GIVEN RECORDS ->

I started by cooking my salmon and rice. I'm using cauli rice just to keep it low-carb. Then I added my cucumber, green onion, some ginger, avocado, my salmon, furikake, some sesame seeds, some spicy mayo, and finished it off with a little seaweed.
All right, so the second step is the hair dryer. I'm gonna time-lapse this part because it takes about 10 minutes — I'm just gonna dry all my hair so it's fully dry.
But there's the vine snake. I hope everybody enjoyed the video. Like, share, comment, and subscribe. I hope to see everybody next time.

* * *

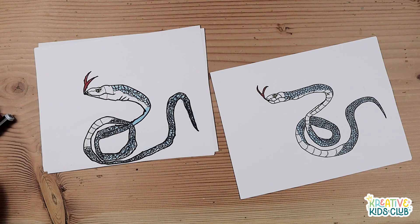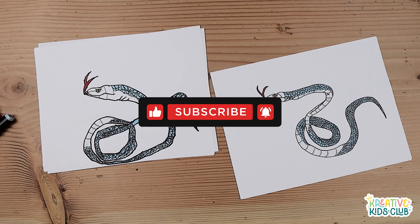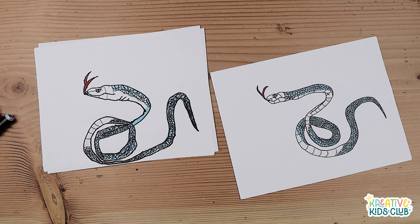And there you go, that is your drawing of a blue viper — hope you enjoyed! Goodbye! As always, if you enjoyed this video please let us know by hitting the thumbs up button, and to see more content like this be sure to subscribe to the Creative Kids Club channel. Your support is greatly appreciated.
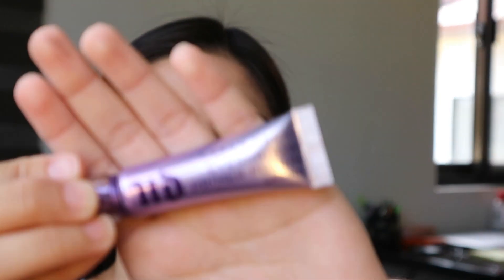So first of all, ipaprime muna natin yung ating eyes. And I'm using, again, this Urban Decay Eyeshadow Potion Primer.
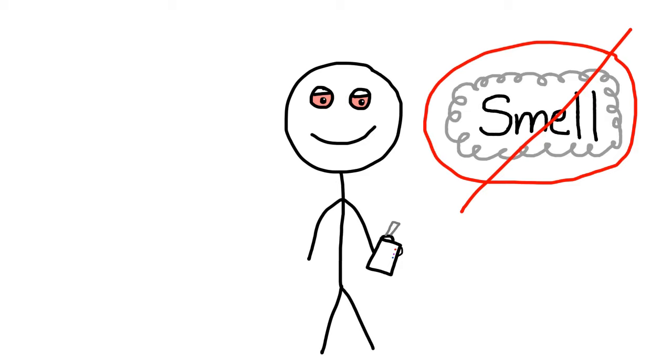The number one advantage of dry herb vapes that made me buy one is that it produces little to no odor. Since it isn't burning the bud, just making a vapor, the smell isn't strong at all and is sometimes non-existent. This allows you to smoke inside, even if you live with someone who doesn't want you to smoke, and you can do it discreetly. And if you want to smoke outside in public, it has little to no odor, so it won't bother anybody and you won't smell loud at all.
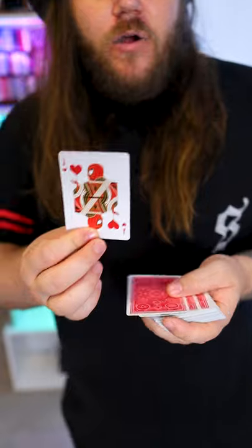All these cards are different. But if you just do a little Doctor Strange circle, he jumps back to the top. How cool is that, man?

TO DO -> Where the listing above reaches the line that contains "I started by", start retyping, and finish with the line that contains "But there's the"; reproduce those lines exactly and no others.

TASK RESULT ->
I started by cooking my salmon and rice. I'm using cauli rice just to keep it low-carb. Then I added my cucumber, green onion, some ginger, avocado, my salmon, furikake, some sesame seeds, some spicy mayo, and finished it off with a little seaweed.
All right, so the second step is the hair dryer. I'm gonna time-lapse this part because it takes about 10 minutes — I'm just gonna dry all my hair so it's fully dry.
But there's the vine snake. I hope everybody enjoyed the video. Like, share, comment, and subscribe. I hope to see everybody next time.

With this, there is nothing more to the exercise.